Tawny shot him another fake smile. ‘I’m just a bit tired, that’s all. It’s been a very long day.’

‘D’accord. I constantly forget that you’re pregnant and I’m making no allowances for that,’ Navarre responded smoothly. ‘Of course you’re tired.’

It was on the tip of her tongue to tell him that it was their wedding night and she wasn’t that tired but that would have been like issuing an invitation and she no longer possessed the confidence to do that.

The awkward silence was broken by her gasp as she looked out of the window and saw that the car was travelling through elaborate gardens and heading straight for a multi-turreted chateau of such stupendous splendour that she could only stare. ‘Where on earth are we?’

‘This is my home in Paris.’

‘You’re sure it’s not a hotel?’ Tawny asked stupidly, aghast at the size and magnificence of the property.

‘It was for a while but it is now my private home. It’s within easy reach of my offices and I like green space around me at the end of the day.’

Yes, it was obvious to her that he liked an enormous amount of green space and even more obvious why he had not been unduly impressed by Strathmore Castle, the entirety of which might well have fitted into the front hall of his spectacular chateau. Tawny was gobsmacked by the dimensions of the place. Although they had flown from London in a private jet it had still not occurred to her that Navarre might live like royalty in France.
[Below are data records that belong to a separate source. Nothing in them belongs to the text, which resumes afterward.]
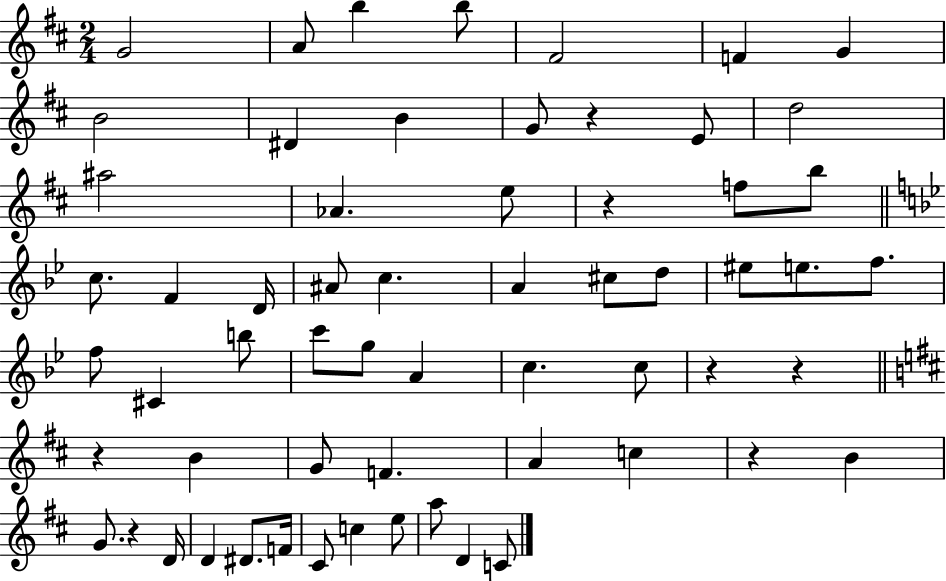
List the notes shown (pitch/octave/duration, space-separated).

G4/h A4/e B5/q B5/e F#4/h F4/q G4/q B4/h D#4/q B4/q G4/e R/q E4/e D5/h A#5/h Ab4/q. E5/e R/q F5/e B5/e C5/e. F4/q D4/s A#4/e C5/q. A4/q C#5/e D5/e EIS5/e E5/e. F5/e. F5/e C#4/q B5/e C6/e G5/e A4/q C5/q. C5/e R/q R/q R/q B4/q G4/e F4/q. A4/q C5/q R/q B4/q G4/e. R/q D4/s D4/q D#4/e. F4/s C#4/e C5/q E5/e A5/e D4/q C4/e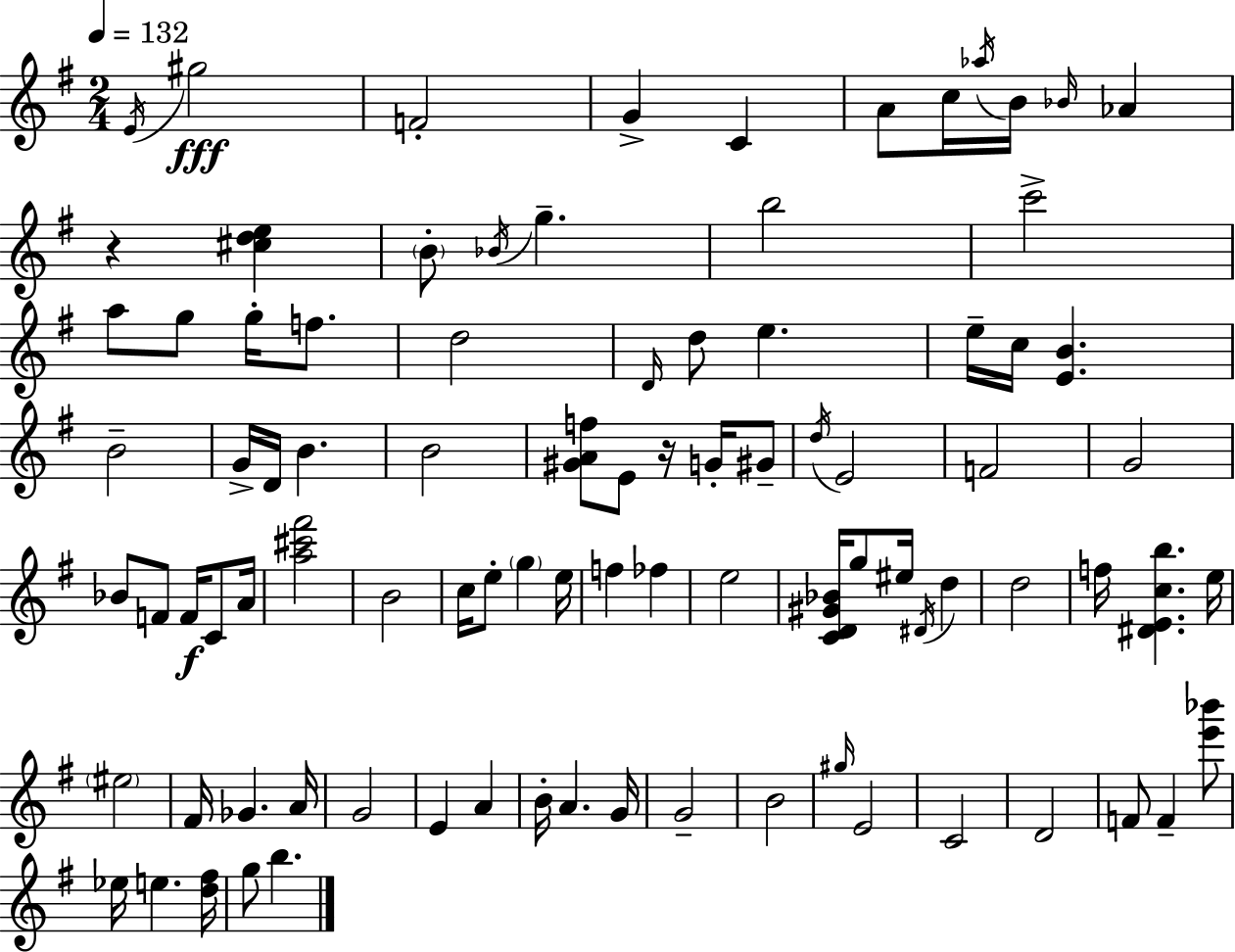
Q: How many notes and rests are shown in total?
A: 90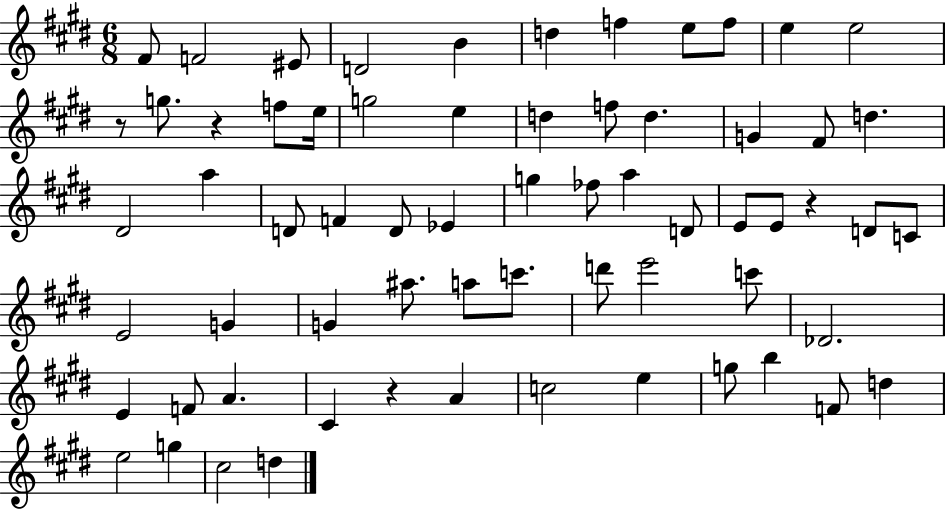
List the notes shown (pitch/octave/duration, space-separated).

F#4/e F4/h EIS4/e D4/h B4/q D5/q F5/q E5/e F5/e E5/q E5/h R/e G5/e. R/q F5/e E5/s G5/h E5/q D5/q F5/e D5/q. G4/q F#4/e D5/q. D#4/h A5/q D4/e F4/q D4/e Eb4/q G5/q FES5/e A5/q D4/e E4/e E4/e R/q D4/e C4/e E4/h G4/q G4/q A#5/e. A5/e C6/e. D6/e E6/h C6/e Db4/h. E4/q F4/e A4/q. C#4/q R/q A4/q C5/h E5/q G5/e B5/q F4/e D5/q E5/h G5/q C#5/h D5/q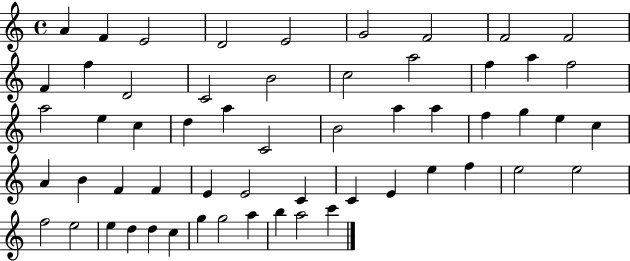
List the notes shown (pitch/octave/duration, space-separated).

A4/q F4/q E4/h D4/h E4/h G4/h F4/h F4/h F4/h F4/q F5/q D4/h C4/h B4/h C5/h A5/h F5/q A5/q F5/h A5/h E5/q C5/q D5/q A5/q C4/h B4/h A5/q A5/q F5/q G5/q E5/q C5/q A4/q B4/q F4/q F4/q E4/q E4/h C4/q C4/q E4/q E5/q F5/q E5/h E5/h F5/h E5/h E5/q D5/q D5/q C5/q G5/q G5/h A5/q B5/q A5/h C6/q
Nor had not it crossed her mind until that very moment what a simply vast gulf divided them as people.

‘I feel like Cinderella,’ Tawny whispered weakly. ‘You live in a castle.’

He was frowning. ‘I thought you’d be pleased.’

They were greeted by a manservant in the echoing vastness of the hall and every surface seemed to be gilded or marbled or mirrored so that she could see far too many confusing reflections of her bewildered face. ‘It’s not really a castle, it’s more like a palace,’ she muttered when he informed her that refreshments awaited them upstairs.

She mounted the giant staircase. ‘So how long have you lived here?’

‘Several years. You know, you shouldn’t be wearing heels that high in your condition—’

‘Navarre?’ Tawny interrupted. ‘Don’t tell me what to wear. I’m not working for you any more.’

‘No, we’re married now.’

Tawny did not like the tone Navarre had employed to make that statement. She felt that he ought to be over the moon about being married to her, or at least capable of pretending to be. Instead he sounded like a guy who had got to bring the wrong woman home and that was not an idea that she liked at all, for it came all too close to matching her own worst fears.

‘I don’t want to have an argument with you on our wedding day,’ Navarre informed her without any expression at all.

‘Did I say that I wanted an argument?’ Tawny demanded a touch stridently as he thrust open a heavy door and she stalked into yet another vast room, a bedroom complete with sofas and tables and several exit doors. ‘It’s too big … it’s all too big and fancy for me!’

As her voice began to rise in volume Navarre cut in. ‘Then we’ll sell it and move—’

‘But then you wouldn’t be happy. This is what you’re used to!’

‘I grew up in a variety of slums,’ he reminded her levelly and somehow the way he looked at her made her feel like a child throwing a tantrum.

Tawny gritted her teeth on another foolish comment. Her brain was all over the place. It certainly wasn’t functioning as it should be. She kept on picturing Tia’s flawless face and her even more perfect and always immaculately clothed body. She was thinking of the frivolous, frothy, wedding night negligee she had purchased with such joy in her heart and feeling sick at the prospect of having to put the outfit on and appear in it for his benefit. Who was she kidding? It would not hide her overblown breasts or her even more swollen stomach.

‘You know …’ Tawny mumbled uneasily, succumbing to her sense of insecurity. ‘I’m not really in the right mood for a wedding night.’

‘Je sais ce que tu ressens … I know how you feel.’ Navarre stood there like a statue.

Tawny had expected him to argue with her, not agree with her. She wanted him to kiss her, persuade her, make everything magically all right again, but instead he just stood there, six feet plus of inert and unresponsive masculine toughness.